> **MATERIAL FOR THIS EXERCISE**

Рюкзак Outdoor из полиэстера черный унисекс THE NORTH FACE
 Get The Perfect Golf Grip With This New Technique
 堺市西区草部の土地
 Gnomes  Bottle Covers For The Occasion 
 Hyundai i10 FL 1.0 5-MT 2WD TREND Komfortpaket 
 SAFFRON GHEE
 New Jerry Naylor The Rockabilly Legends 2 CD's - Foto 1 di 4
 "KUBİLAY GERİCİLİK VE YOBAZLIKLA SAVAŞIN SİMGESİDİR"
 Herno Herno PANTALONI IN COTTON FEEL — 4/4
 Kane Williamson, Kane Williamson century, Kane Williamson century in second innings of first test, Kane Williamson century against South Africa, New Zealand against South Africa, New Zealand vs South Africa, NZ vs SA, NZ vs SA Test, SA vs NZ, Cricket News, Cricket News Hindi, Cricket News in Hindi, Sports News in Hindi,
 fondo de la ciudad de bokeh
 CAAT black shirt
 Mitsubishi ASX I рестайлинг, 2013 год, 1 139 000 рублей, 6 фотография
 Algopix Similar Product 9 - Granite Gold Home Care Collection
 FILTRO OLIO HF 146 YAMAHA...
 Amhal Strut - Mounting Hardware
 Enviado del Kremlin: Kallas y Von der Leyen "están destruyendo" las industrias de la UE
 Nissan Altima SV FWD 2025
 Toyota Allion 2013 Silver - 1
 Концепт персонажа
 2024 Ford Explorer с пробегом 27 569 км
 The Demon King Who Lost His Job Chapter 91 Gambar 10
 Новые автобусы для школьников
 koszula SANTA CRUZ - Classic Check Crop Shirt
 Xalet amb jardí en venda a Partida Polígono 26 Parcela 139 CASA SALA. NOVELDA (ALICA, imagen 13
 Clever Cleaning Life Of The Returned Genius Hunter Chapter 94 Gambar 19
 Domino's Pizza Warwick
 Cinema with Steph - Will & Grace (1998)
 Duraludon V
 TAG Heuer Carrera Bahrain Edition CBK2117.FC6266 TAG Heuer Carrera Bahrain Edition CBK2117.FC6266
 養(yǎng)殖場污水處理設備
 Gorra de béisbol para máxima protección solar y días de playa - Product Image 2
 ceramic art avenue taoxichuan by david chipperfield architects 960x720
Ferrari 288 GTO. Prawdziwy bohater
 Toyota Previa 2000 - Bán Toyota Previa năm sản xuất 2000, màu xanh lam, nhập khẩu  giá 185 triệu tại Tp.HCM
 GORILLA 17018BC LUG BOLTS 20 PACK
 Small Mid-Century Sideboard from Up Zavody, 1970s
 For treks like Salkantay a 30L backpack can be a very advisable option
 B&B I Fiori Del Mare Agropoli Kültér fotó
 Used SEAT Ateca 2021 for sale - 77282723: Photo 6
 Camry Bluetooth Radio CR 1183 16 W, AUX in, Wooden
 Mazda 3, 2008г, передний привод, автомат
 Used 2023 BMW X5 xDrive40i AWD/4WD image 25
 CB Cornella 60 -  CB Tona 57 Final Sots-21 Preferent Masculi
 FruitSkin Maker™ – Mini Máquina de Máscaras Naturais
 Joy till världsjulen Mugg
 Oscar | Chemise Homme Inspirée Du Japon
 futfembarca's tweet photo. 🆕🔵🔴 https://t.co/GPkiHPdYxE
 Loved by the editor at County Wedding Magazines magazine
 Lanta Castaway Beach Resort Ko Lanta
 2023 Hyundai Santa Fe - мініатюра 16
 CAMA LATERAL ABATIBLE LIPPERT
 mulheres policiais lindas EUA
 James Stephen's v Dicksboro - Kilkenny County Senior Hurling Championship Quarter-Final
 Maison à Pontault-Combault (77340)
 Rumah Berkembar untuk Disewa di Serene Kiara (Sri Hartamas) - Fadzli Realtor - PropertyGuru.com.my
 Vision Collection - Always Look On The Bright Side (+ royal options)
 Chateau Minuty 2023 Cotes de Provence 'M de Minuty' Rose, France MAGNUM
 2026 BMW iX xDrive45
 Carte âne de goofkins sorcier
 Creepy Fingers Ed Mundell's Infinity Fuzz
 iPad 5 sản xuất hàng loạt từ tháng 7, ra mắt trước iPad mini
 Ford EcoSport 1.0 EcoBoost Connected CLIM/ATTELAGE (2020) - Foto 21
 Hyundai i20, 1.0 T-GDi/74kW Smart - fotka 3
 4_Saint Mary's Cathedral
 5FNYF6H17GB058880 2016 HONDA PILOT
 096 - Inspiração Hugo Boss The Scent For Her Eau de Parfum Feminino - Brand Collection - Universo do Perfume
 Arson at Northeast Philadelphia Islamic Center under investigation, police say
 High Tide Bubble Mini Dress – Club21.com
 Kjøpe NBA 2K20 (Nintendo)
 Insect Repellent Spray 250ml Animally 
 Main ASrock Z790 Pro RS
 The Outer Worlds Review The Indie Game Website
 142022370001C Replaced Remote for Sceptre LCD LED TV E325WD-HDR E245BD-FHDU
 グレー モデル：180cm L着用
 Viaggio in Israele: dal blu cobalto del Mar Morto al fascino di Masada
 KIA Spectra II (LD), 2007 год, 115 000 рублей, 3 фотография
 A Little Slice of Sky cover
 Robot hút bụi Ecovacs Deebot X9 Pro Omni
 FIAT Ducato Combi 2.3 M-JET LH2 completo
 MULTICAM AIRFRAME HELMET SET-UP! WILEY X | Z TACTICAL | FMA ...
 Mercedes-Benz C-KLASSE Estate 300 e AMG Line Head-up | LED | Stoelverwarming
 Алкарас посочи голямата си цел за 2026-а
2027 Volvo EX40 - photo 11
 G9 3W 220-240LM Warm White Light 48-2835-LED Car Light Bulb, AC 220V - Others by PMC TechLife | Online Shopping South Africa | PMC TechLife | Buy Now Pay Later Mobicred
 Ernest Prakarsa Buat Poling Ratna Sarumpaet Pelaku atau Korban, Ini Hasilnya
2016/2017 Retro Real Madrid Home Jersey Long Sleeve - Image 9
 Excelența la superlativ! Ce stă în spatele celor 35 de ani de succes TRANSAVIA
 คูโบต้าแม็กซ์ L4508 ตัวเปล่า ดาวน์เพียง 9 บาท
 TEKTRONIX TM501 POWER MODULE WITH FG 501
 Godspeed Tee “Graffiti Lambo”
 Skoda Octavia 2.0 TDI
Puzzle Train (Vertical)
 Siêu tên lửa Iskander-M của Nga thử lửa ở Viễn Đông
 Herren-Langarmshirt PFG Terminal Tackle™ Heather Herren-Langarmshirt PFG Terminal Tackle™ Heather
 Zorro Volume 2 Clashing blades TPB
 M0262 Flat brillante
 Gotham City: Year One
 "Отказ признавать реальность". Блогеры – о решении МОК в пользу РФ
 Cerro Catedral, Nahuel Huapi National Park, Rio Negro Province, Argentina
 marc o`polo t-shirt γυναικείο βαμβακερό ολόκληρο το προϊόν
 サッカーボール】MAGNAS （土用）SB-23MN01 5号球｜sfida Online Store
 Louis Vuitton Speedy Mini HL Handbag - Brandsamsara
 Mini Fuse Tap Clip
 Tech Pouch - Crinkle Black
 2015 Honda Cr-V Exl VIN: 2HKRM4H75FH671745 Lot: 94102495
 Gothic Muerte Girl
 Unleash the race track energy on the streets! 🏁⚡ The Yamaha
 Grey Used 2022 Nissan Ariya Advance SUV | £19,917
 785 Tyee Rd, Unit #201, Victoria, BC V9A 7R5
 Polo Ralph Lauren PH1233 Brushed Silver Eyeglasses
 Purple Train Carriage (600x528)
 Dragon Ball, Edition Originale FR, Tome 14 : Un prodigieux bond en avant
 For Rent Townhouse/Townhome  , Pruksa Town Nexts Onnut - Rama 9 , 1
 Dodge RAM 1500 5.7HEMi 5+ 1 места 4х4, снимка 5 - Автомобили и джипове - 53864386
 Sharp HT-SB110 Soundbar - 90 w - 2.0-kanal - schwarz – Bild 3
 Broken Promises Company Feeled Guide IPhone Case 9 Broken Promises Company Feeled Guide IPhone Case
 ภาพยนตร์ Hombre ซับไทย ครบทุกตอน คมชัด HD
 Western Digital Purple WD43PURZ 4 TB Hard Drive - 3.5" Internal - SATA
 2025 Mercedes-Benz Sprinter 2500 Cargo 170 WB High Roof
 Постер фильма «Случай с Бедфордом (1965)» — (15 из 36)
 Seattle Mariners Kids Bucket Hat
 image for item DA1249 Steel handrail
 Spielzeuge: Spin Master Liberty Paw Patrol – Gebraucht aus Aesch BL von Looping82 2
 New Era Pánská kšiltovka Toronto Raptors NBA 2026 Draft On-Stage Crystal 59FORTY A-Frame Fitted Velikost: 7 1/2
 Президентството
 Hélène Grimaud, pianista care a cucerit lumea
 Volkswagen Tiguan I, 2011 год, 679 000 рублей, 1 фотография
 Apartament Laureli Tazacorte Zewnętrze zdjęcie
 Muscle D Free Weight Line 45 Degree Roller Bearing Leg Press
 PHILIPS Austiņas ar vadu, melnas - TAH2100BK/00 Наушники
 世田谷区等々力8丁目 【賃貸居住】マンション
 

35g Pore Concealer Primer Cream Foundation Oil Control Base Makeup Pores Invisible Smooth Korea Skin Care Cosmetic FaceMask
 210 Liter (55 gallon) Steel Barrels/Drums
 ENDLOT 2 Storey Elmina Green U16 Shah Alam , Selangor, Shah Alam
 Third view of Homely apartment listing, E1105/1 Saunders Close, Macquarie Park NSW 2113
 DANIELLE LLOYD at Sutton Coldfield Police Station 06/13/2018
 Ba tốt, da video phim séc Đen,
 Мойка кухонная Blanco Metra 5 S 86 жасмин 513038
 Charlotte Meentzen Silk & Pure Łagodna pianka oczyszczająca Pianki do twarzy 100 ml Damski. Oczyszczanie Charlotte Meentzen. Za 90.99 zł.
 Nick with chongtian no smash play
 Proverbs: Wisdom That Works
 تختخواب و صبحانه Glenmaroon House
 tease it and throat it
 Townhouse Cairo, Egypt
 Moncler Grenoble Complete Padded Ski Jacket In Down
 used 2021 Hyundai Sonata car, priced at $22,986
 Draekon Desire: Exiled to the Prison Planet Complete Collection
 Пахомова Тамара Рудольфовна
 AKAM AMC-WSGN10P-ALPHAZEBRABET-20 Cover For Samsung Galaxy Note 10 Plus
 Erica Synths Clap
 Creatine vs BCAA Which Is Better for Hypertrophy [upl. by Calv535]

> **PROBLEM**
Would you restate word for word every line from the one holding "Пахомова Тамара Рудольфовна" to the end of the entries, both ends included?

> **EXPECTED OUTPUT**
 Пахомова Тамара Рудольфовна
 AKAM AMC-WSGN10P-ALPHAZEBRABET-20 Cover For Samsung Galaxy Note 10 Plus
 Erica Synths Clap
 Creatine vs BCAA Which Is Better for Hypertrophy [upl. by Calv535]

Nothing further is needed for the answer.